* Exercise details:
Set down exactly the lines of the records from the top to the line containing "UNIVERSAL THREAD Women's"; include both.

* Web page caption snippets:
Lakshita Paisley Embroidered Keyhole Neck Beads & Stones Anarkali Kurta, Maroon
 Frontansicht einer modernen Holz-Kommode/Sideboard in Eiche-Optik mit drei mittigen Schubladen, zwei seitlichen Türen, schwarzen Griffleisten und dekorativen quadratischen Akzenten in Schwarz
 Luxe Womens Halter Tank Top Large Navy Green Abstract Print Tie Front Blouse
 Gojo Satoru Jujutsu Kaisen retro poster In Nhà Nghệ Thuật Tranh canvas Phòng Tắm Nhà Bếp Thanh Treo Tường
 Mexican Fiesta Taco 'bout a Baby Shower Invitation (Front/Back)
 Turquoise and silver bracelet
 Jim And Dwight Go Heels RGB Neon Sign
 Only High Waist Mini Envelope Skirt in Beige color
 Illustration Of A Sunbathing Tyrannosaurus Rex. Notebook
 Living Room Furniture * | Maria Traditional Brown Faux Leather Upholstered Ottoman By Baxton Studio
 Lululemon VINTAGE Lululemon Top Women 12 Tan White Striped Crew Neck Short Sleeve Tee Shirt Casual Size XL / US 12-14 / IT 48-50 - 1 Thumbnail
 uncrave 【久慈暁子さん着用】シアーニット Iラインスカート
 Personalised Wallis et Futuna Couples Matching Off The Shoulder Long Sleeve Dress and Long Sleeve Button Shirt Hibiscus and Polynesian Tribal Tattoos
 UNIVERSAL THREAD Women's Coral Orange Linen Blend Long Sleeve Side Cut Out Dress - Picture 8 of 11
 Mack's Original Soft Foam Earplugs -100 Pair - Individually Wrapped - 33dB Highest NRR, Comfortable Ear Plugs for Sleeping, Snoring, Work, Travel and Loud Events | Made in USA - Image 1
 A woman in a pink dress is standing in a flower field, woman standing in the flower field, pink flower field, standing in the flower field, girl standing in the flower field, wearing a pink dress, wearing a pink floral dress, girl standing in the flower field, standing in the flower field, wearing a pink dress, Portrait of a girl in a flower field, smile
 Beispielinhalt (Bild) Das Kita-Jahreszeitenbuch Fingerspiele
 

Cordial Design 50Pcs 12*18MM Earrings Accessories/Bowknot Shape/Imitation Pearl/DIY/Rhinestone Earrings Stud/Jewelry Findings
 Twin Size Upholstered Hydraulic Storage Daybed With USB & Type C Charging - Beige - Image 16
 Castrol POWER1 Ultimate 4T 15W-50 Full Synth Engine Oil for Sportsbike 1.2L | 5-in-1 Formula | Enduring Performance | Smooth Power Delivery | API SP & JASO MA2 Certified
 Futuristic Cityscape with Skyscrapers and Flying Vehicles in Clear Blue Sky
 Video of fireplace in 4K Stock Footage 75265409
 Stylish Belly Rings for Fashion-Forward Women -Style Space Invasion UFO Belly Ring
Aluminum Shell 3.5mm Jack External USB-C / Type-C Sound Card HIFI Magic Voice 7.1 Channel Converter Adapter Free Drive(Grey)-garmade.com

* Answer below:
Lakshita Paisley Embroidered Keyhole Neck Beads & Stones Anarkali Kurta, Maroon
 Frontansicht einer modernen Holz-Kommode/Sideboard in Eiche-Optik mit drei mittigen Schubladen, zwei seitlichen Türen, schwarzen Griffleisten und dekorativen quadratischen Akzenten in Schwarz
 Luxe Womens Halter Tank Top Large Navy Green Abstract Print Tie Front Blouse
 Gojo Satoru Jujutsu Kaisen retro poster In Nhà Nghệ Thuật Tranh canvas Phòng Tắm Nhà Bếp Thanh Treo Tường
 Mexican Fiesta Taco 'bout a Baby Shower Invitation (Front/Back)
 Turquoise and silver bracelet
 Jim And Dwight Go Heels RGB Neon Sign
 Only High Waist Mini Envelope Skirt in Beige color
 Illustration Of A Sunbathing Tyrannosaurus Rex. Notebook
 Living Room Furniture * | Maria Traditional Brown Faux Leather Upholstered Ottoman By Baxton Studio
 Lululemon VINTAGE Lululemon Top Women 12 Tan White Striped Crew Neck Short Sleeve Tee Shirt Casual Size XL / US 12-14 / IT 48-50 - 1 Thumbnail
 uncrave 【久慈暁子さん着用】シアーニット Iラインスカート
 Personalised Wallis et Futuna Couples Matching Off The Shoulder Long Sleeve Dress and Long Sleeve Button Shirt Hibiscus and Polynesian Tribal Tattoos
 UNIVERSAL THREAD Women's Coral Orange Linen Blend Long Sleeve Side Cut Out Dress - Picture 8 of 11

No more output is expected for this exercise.